How to Join Data with FME and (Maybe) Land Your Dream Job!
When I was interviewed for a job with the team at Safe Software, one question asked was “Do you know the difference between a left join and an inner join?”
Although I’d used SQL and joins quite a lot before, I couldn’t remember the exact definition and mumbled an answer. I was hired, so the response must have been more convincing than I thought. Either that or they really liked my joke about the cinnamon buns.
The thing is, because I’ve had access to FME, I’ve rarely since needed to do SQL joins; so my knowledge of left and inner joins has remained a bit sketchy… until today!
Because today is when I started to try out the latest transformer to hit the Filters and Joins category: The FeatureJoiner.
What is the FeatureJoiner?
So the FeatureJoiner is a transformer that joins data together. It most closely resembles the FeatureMerger (which it may eventually replace). Here it is on the canvas:
This workspace joins Facility features with PostalAddress records. You can see that instead of Requestor/Supplier the transformer has Left/Right ports, and one fewer output port; but otherwise it really does look like the FeatureMerger.
However, a look at the parameters dialog shows a lot more differences:
The Join On, Conflict Resolution, and Geometry Handling parameters are fairly obvious, and are similar to those that already exist in the FeatureMerger. But the key parameter is Join Mode…
The Join Mode is where it becomes necessary to know about Left Joins and Inner Joins. That’s because the three modes are Left Join, Inner Join, and Full Join.
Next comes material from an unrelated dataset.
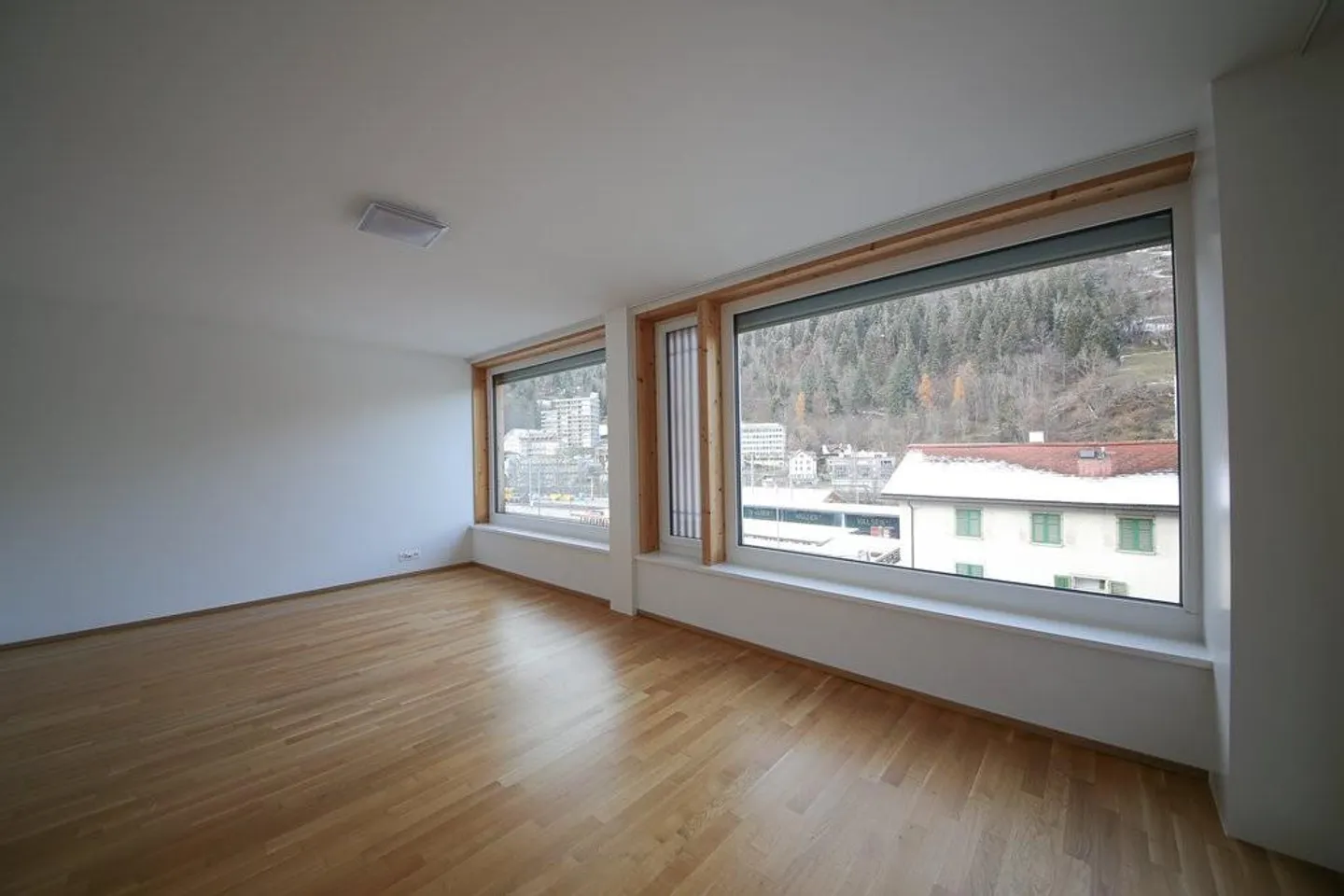 Zeitlose 3.5 Zimmer-Wohnung in Ilanz zu vermieten! - Foto 5 di 7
For our training materials I made up a table that shows what these modes do:
|Mode||Description||Depiction||Joined Output||Unjoined Left||Unjoined Right|
|Left||Left features look for a match and are output whether they find a match or not||All matches plus unmatched Left features||None||Unused Right features|
|Inner||Left features look for a match and are output if they find one||All matches only||Unmatched Left features||Unused Right features|
|Full||Both Left and Right features output through the Joined output port, whether they find a join or not||All matches plus unmatched Left and Right features||None||None|
The simplest way to understand the operation is this: the overlapping part in each diagram is always output. It’s a join so the features are output through the Joined port.
The Left/Inner/Full parameter controls not the joined features, but the features that aren’t joined.
- In Inner mode features without a join exit through either the Unjoined Left or Unjoined Right port.
- In Left mode, Left features without a match still exit through the Joined port. Right features without a match exit the Unjoined Right port.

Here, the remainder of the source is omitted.